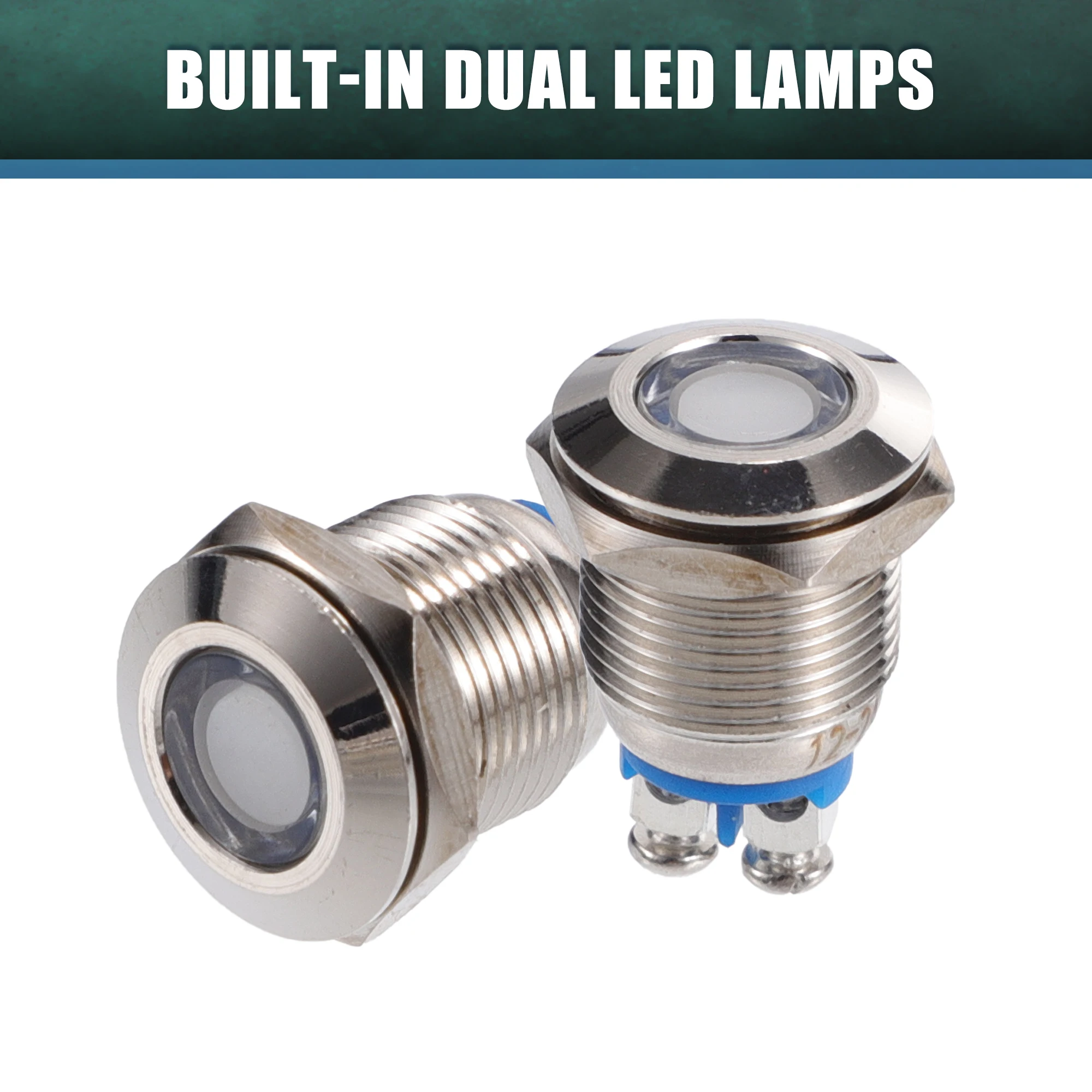 

UXCELL 5 шт. светодиодный индикатор 12 мм 12 В переменного тока постоянного тока с металлическим корпусом, водонепроницаемая контрольная сигнальная лампа для автомобиля, грузовика, лодки, разноцветная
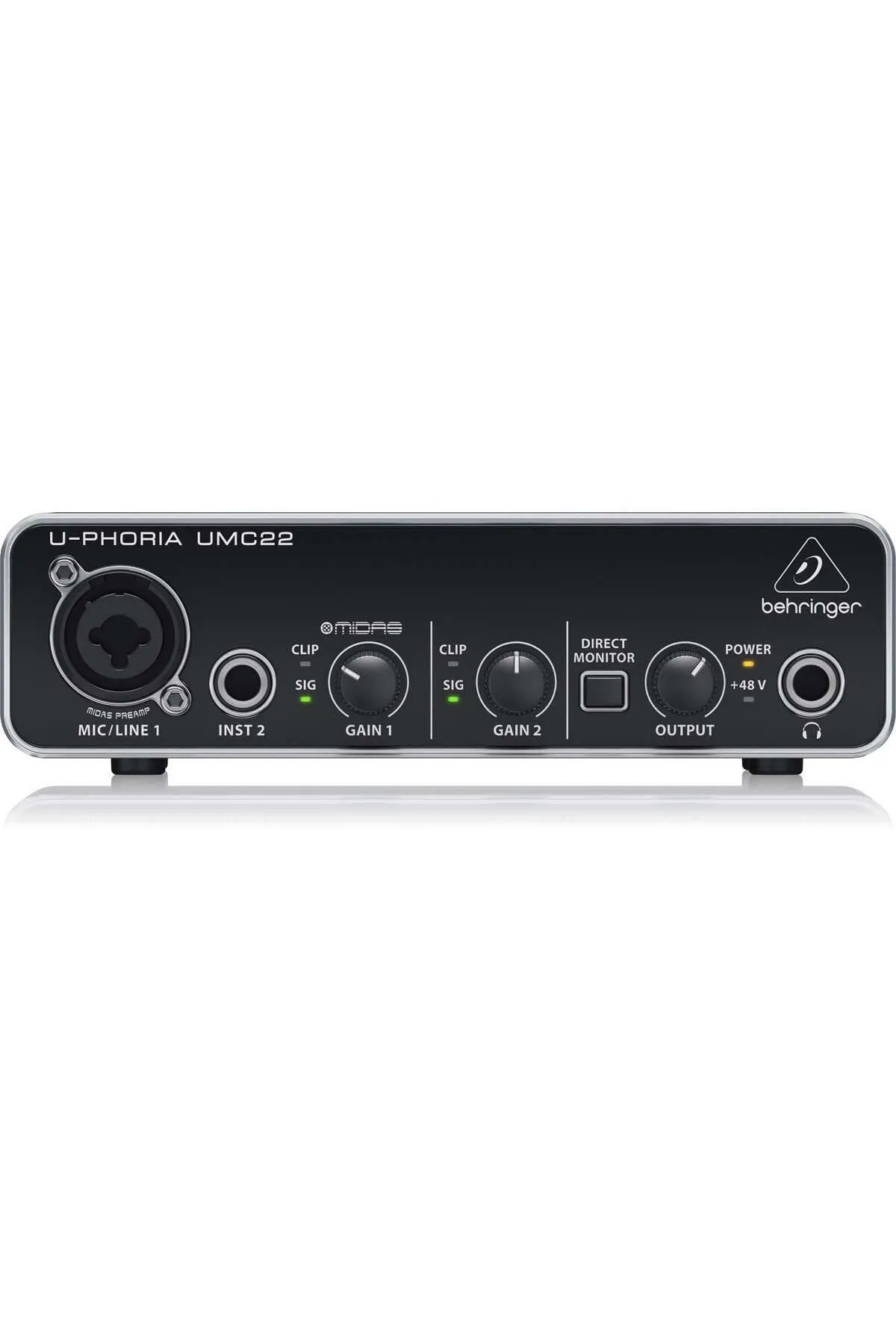 Behringer Umc22 2x2 Ev Stüdyosu Için Midas Mikrofon Preamfi Ses Kartı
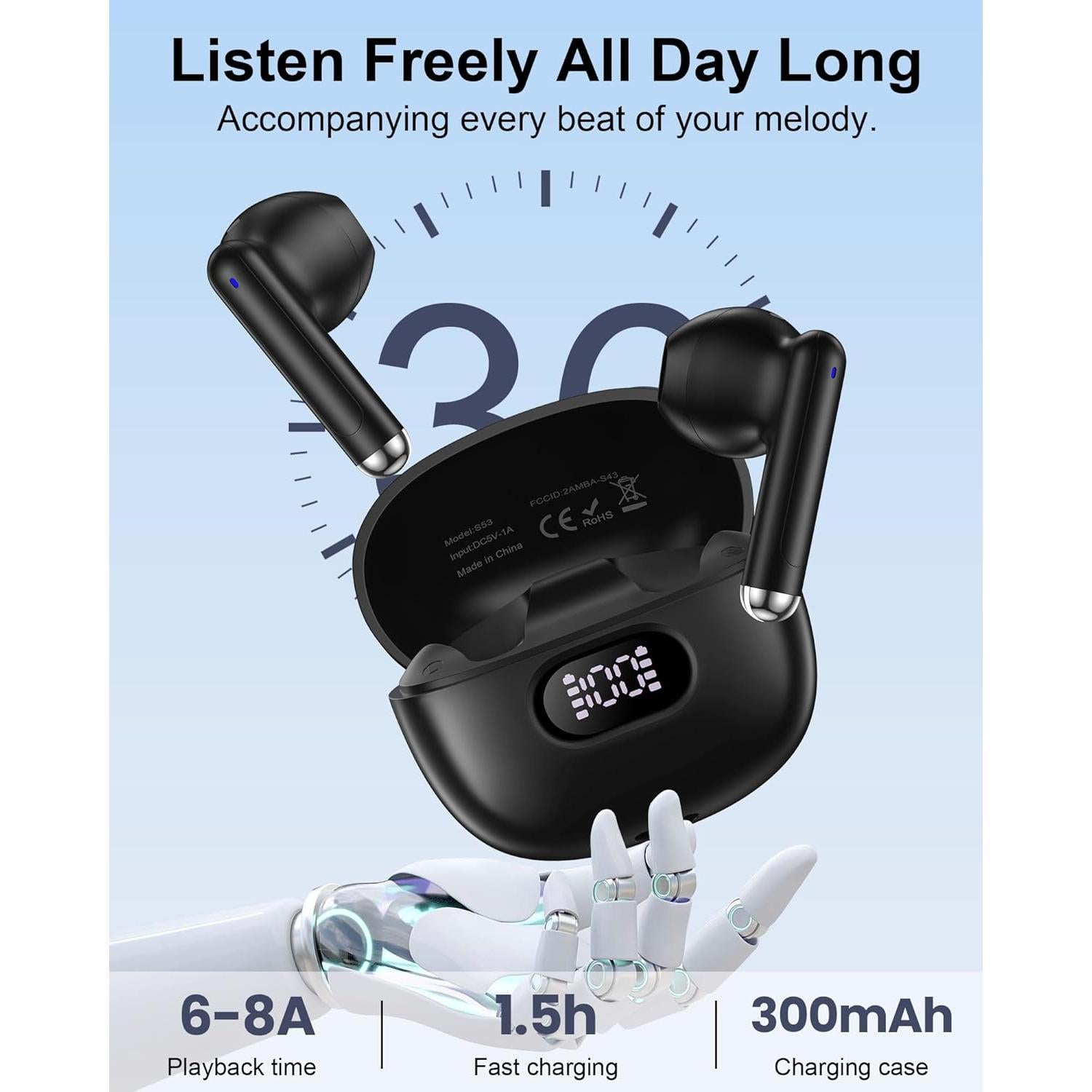 Auriculares Inalámbricos Bluetooth 5.3 S53 con Graves Profundos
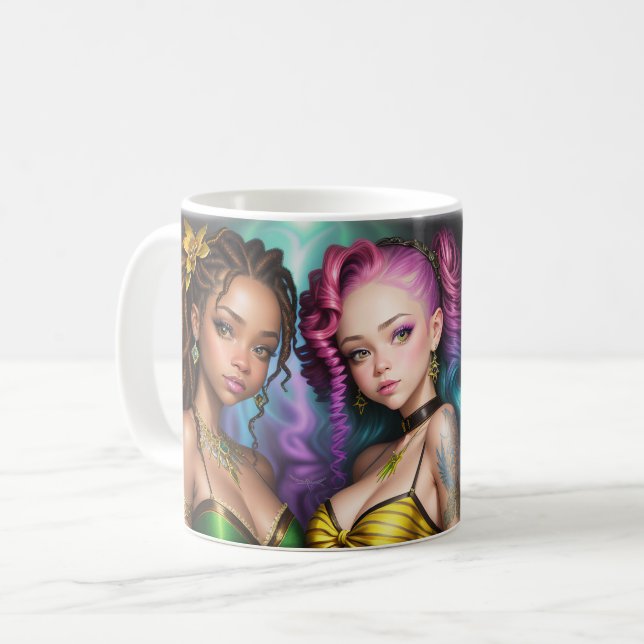 Bästa Vännernas Foto Anpassad BFF-mugg Kaffemugg (Framsida vänster)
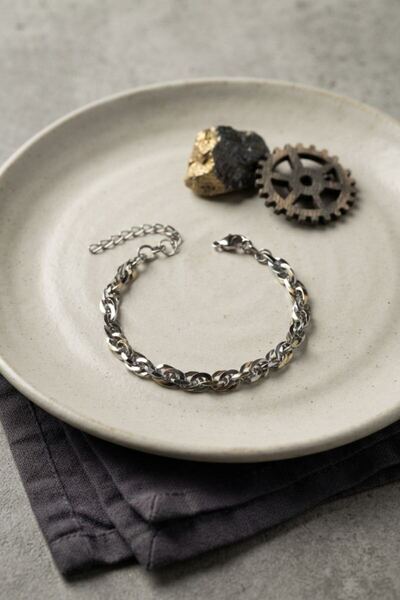 norsary 316L Steel Silver Color Rope Chain Model Men's Bracelet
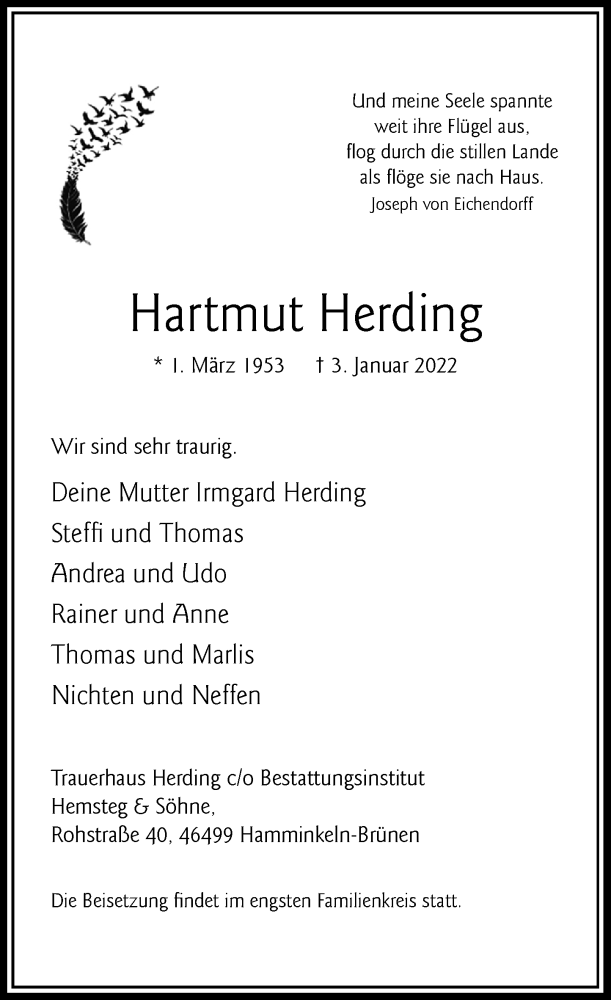  Traueranzeige für Hartmut Herding vom 08.01.2022 aus Rheinische Post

□ □ □ □

> TASK
Could you repeat all of the entries exactly, without the pictures?

> FINISHED EXERCISE
UXCELL 5 шт. светодиодный индикатор 12 мм 12 В переменного тока постоянного тока с металлическим корпусом, водонепроницаемая контрольная сигнальная лампа для автомобиля, грузовика, лодки, разноцветная
 Behringer Umc22 2x2 Ev Stüdyosu Için Midas Mikrofon Preamfi Ses Kartı
 Auriculares Inalámbricos Bluetooth 5.3 S53 con Graves Profundos
 Bästa Vännernas Foto Anpassad BFF-mugg Kaffemugg (Framsida vänster)
 norsary 316L Steel Silver Color Rope Chain Model Men's Bracelet
  Traueranzeige für Hartmut Herding vom 08.01.2022 aus Rheinische Post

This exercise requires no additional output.